What kept UBL away from the craft beer segment, all along?

There are two reasons why we stayed away from craft beer so far. Until a few years ago, it was a small segment, not sizeable enough for a large player like us to step in. However, in recent years, the opportunity for bottled craft beer has been growing.

We waited for the market to grow with smaller players (such as Bira 91, Simba, and White Owl) taking the lead in creating awareness around it. Smaller breweries are running the craft beer business in India like a small and medium enterprise. Since the market is expanding, we think this is the right time to make an entry.

What is UBL’s launch and expansion strategy?

A pan-India launch does not work for an alcoholic product. With a mass launch, one cannot advertise and spread the word about the product. Also, in the case of a niche offering like craft beer, it makes sense to launch it in a phased manner. At any given time, we are targeting only one or two states.

We launched Kingfisher Ultra Witbier in select pockets in Karnataka, including Mysuru and Bengaluru, in December 2019. We also introduced the product in Goa in January this year during the Sunburn Music Festival. Prior to that, we were running product trials there given that December is a packed season for tourists in Goa. Next, the company will launch the product in Mumbai, Pune, and Gurugram.

What is the number of cases and market share that you are chasing in the initial phase of the launch?

We are in an early stage of the launch and still driving trials. As of now, it is not a volume game for us. At present, we are targeting a small audience.

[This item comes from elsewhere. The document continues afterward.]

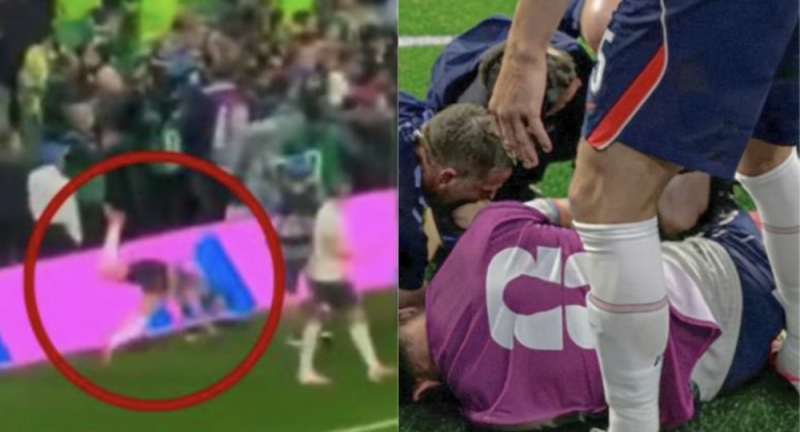 Jugador de Inglaterra se cae durante festejos y se fractura (VIDEO)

The company first wants to capture the mind space of discerning drinkers who prefer craft beer. Market share will follow.

What’s the unique selling point of your product?

With alcohol content lower than 5%, the (Kingfisher Ultra Witbier) beer is a rich blend of all-natural extracts of orange and coriander, spices sourced from Belgium and aromatic hops sourced from US.

Since you are importing most of the ingredients—does it drive up product cost?

Importing ingredients puts us at a disadvantage in terms of cost-to-cost comparison with other existing brands. Making white beer (high in wheat content) is a bit more expensive for us. Within our own portfolio, the Kingfisher Ultra Witbier is priced Rs10-15 higher than Kingfisher Ultra.

What are the stock-keeping units (SKUs) and price points at which Kingfisher Ultra Witbier is available?

Kingfisher Ultra Witbier is available in three SKUs, a 330ml bottle, a 500ml can and a 650ml bottle, priced at Rs110, Rs150, and Rs185, respectively in Karnataka. In Goa, Kingfisher Ultra Witbier is available in two SKUs, a 330ml bottle and a 650ml bottle, priced at Rs65 and Rs100, respectively. The product prices vary in these two markets due to different taxation and excise rates.

Meanwhile, the bulk of other craft beer brands in the market are available in 500 ml cans since their focus is restricted with limited distribution.

Do you think the company has an advantage over smaller craft beer players owing to its larger distribution network? Moreover, consumers are familiar with the Kingfisher brand?

Yes, we have the advantage of a wider distribution network. Given their familiarity with the Kingfisher brand, consumers will try our new offering. Then, there are those who are keen to experiment and seek new flavours. There will be drinkers in this segment, too, who will try our offering even as they continue to consume other brands available in the market.

So how can smaller craft beer players and brands such as White Owl, Simba, and Bira compete with you?

The market has a lot of potential for growth. We do not see smaller brands as competitors or threats. On the contrary, we have learnt from existing players in the craft beer segment. We have picked up taste patterns from them. As a big player, our entry will help expand distribution as well as the market for craft beer.

What are the challenges facing the company?

The challenges are regulatory in nature and not consumer-oriented. On the policy and regulatory front, we need to look at the alcohol business more progressively. Licensing framework has to be made easier and affordable. We are in a complicated business. We are not covered under the goods and services tax regime. Excise rules have to be simplified to pave way for better pricing across markets.